These past few months, my biggest obstacle has been: How do I adult? I’m 25 now which, has sort of been a benchmark year when I’ve thought of my life as a young’n. Like… at 25.. I’m definitely a grown-up and I know things. Except I don’t know things and I have to google everything and gosh, if I didn’t have a smartphone I’m pretty sure I’d just be wandering around lost somewhere. And it’s a horrifying realization when I have to deal with “grown-up” things because my first instinct is to find an adult to do these sort of grown-up tasks but then to realize, “… I’M supposed to be an adult.” I need a better adult…

I’ve been having random flashbacks. I’m a person with a terrible memory. Like.. I know I’ve done things in life and have memories but I can never recall them until something reminds me of them. And then I’m like, “Oh that’s a really good story.. I should remember that for parties so people think I’m interesting.” But then I immediately forget. Anyway.

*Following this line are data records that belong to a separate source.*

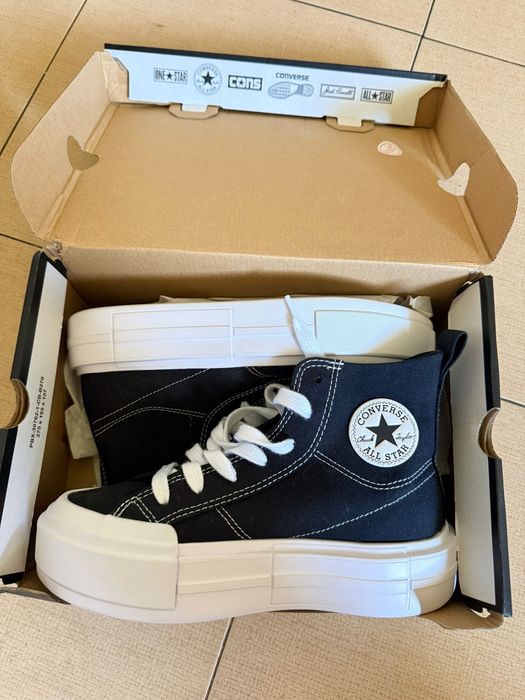 Converse dama --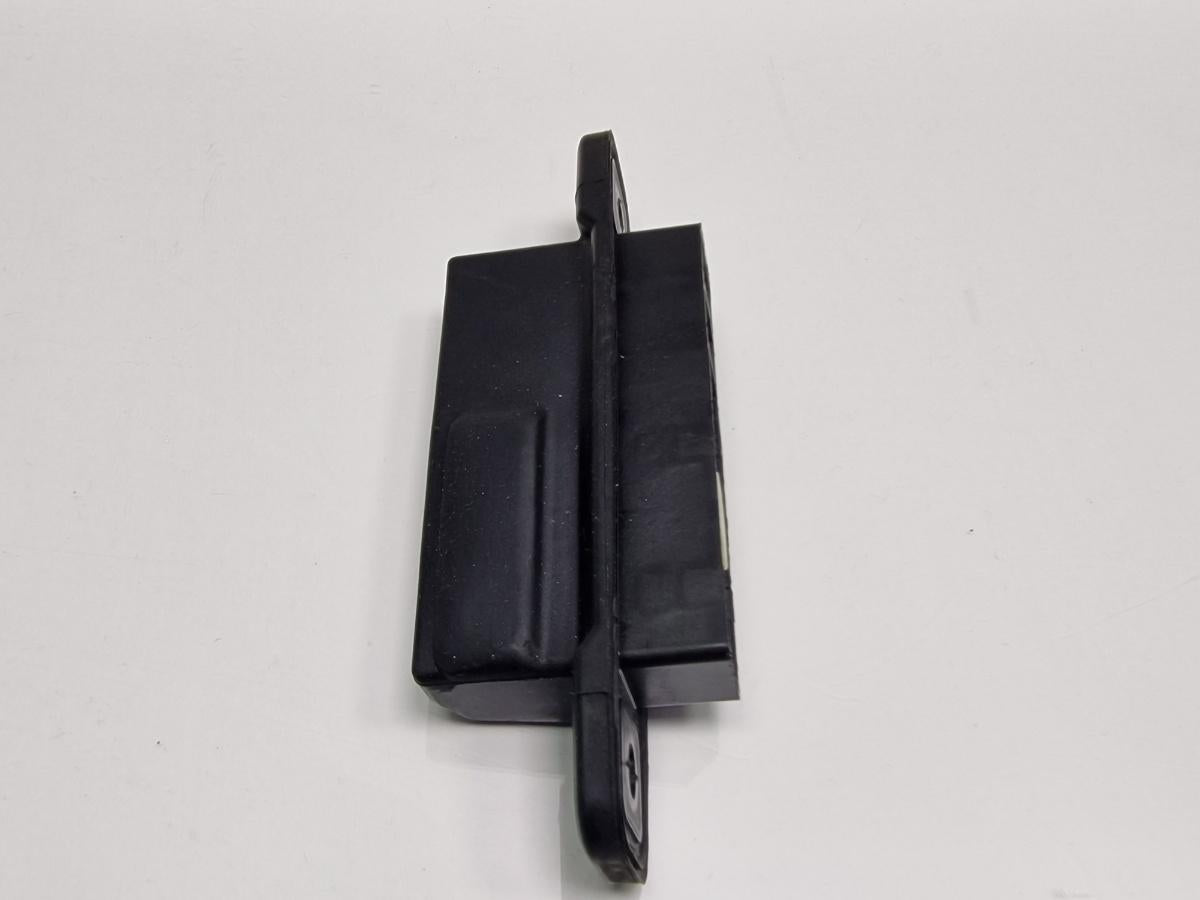 Buton deschidere haion TOYOTA PRIUS _W3_ 2008 - >1.8 Hybrid 2ZR-FXE 8484028030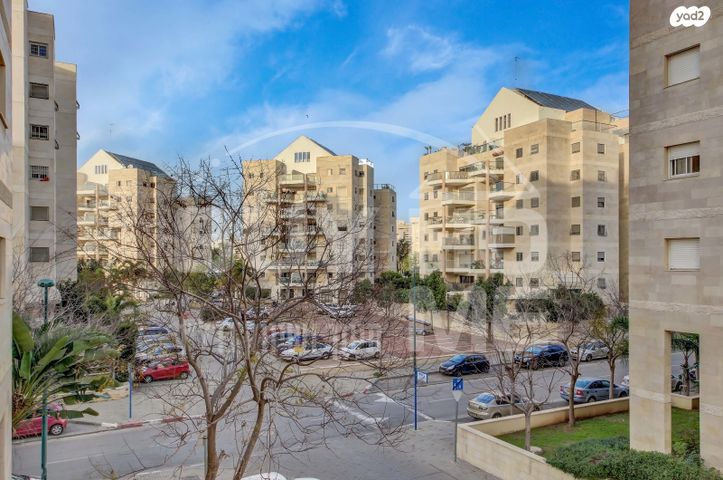 דירה, יוסף, קרית השרון, נתניה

A couple of weeks ago, the cafe I work at has these little.. baby pumpkins that aren’t actually pumpkins because they’re actually squash… Anyway, I was looking at them and I had this flashback to a time when I was a kid at halloween. I loved these mini-“pumpkins” and I carved one like a jack-o-lantern. And I wanted so bad to light it like a regular jack-o-lantern because it was so small and cute so I begged my mom to make it work. She tried to let me down easy and explain that it just wasn’t possible (physics.. science.. whatevs). But she tried to make it work anyway. Like.. spent way too much time when it was just obviously impossible.

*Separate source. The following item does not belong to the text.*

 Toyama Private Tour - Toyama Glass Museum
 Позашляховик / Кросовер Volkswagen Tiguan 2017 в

And then today, I had this memory of a time when it had snowed. I think I was in kindergarten and I was so excited for snow and desperate to build a snowman. Mom knew it wasn’t the snowman building kind of snow… it was the really powdery what-even-is-the-point-of-you kind of stupid snow (it’s actually a really pretty kind of snow that I now appreciate but am still a little bitter at) but I wanted that darn snowman so bad she took me out anyway. She brought a large metal bowl with her from the kitchen full of water to try to make the snow stick together. It didn’t work. Again, she tried to make it work when it just… obviously… was not going to work.

These memories… They make me feel sad. I’m not sure if that’s the correct appropriation of what I’m feeling.

I associate my childhood with a lot of loneliness, pain, and brokenness. I feel a lot of regret and wrestle daily with the feeling that I am not at all how my parents wanted me to be.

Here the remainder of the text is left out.